## Prompt
Once you reach the line with "Segunda mano - Apartamento" below, copy each line exactly, stopping after the line with "Torrevieja - Playa del Cura", and skip any pictures.

** Provided entries follows **

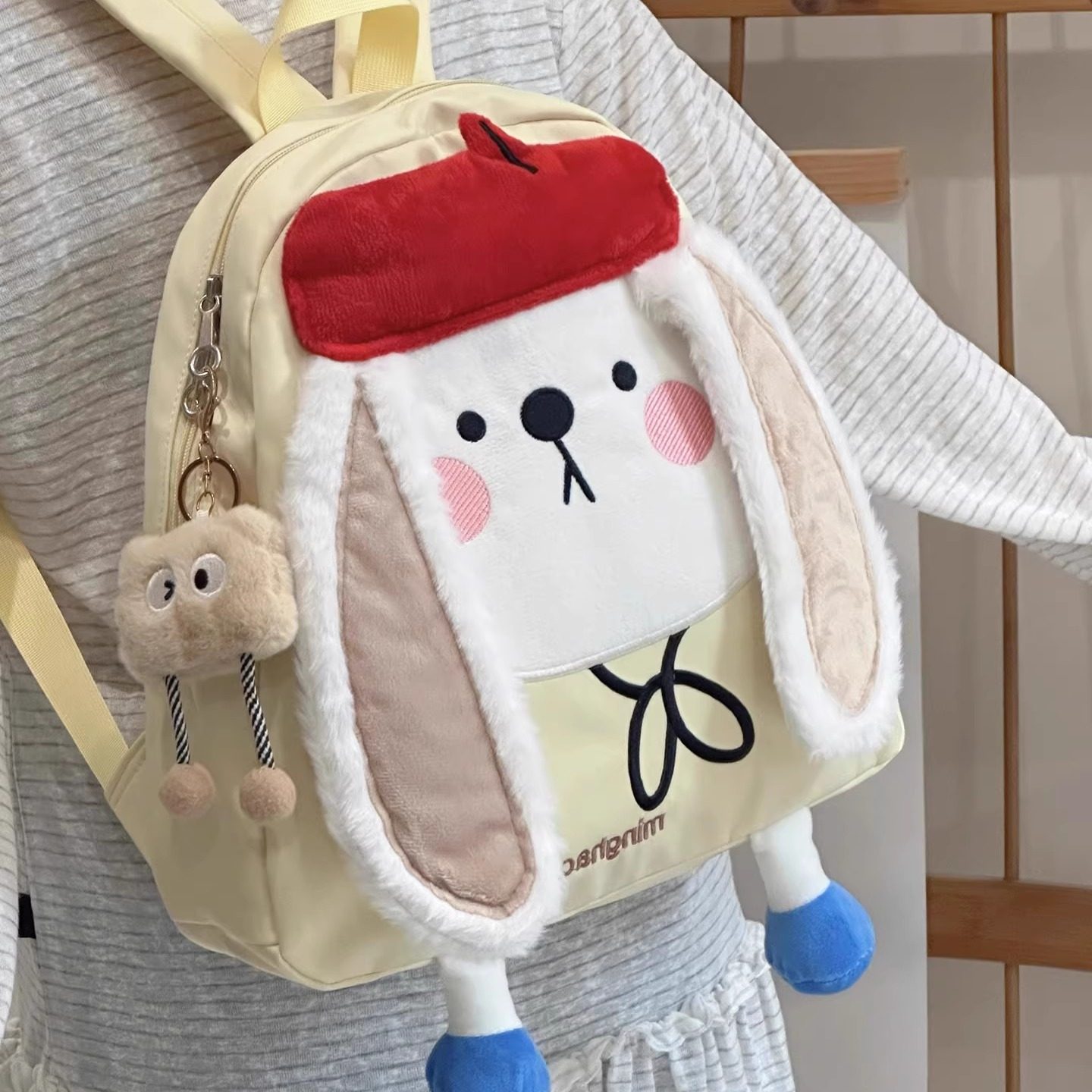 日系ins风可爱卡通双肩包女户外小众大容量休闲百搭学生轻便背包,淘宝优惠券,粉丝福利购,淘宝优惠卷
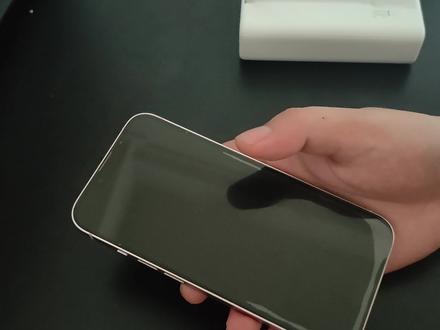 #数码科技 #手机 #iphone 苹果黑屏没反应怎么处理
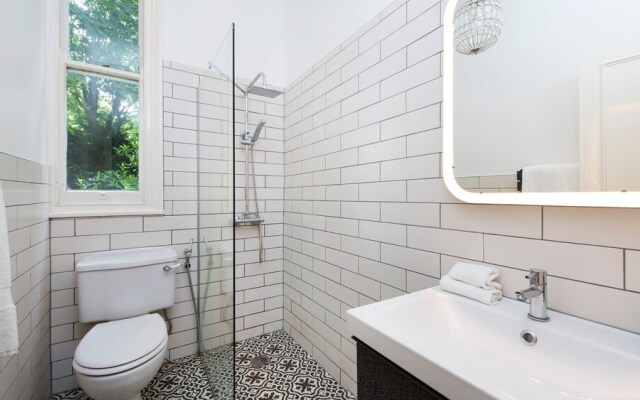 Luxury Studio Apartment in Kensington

** End of Provided entries **
** Provided entries follows **

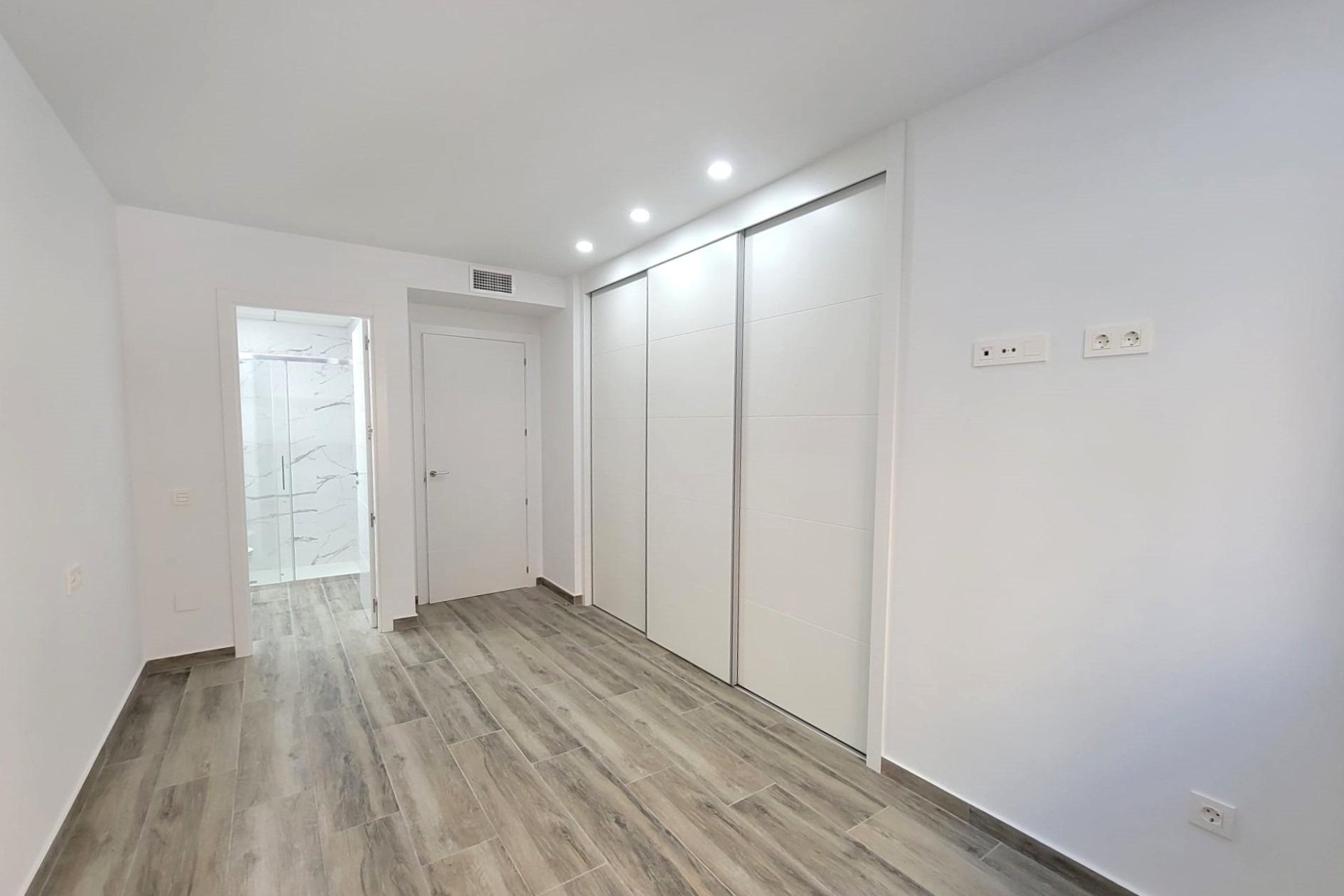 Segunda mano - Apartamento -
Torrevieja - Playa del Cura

** End of Provided entries **
** Provided entries follows **

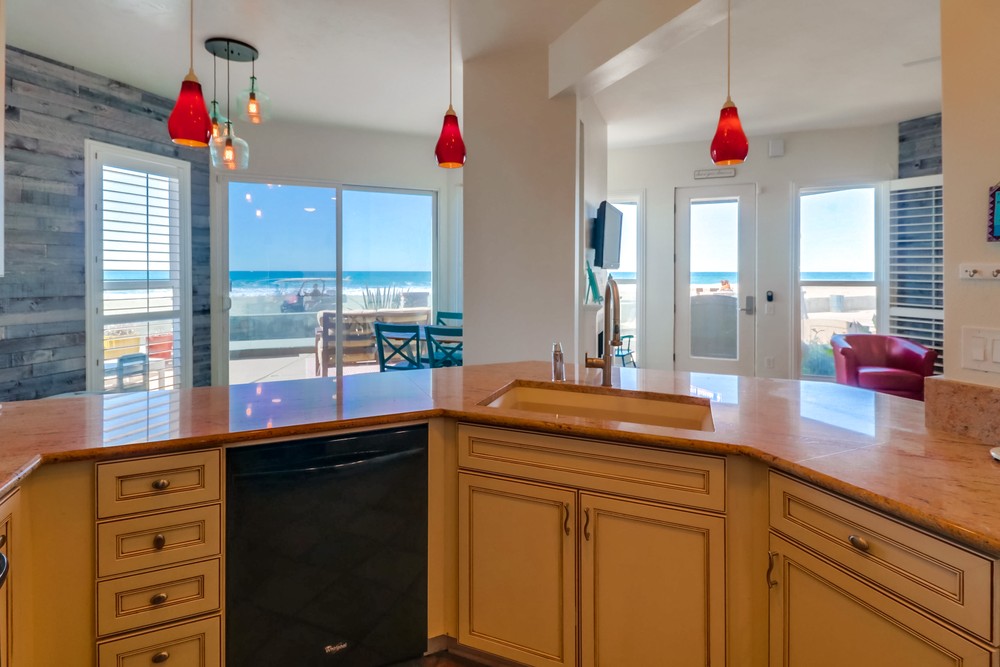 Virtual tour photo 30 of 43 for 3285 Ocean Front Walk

** End of Provided entries **

## Answer area
 Segunda mano - Apartamento -
Torrevieja - Playa del Cura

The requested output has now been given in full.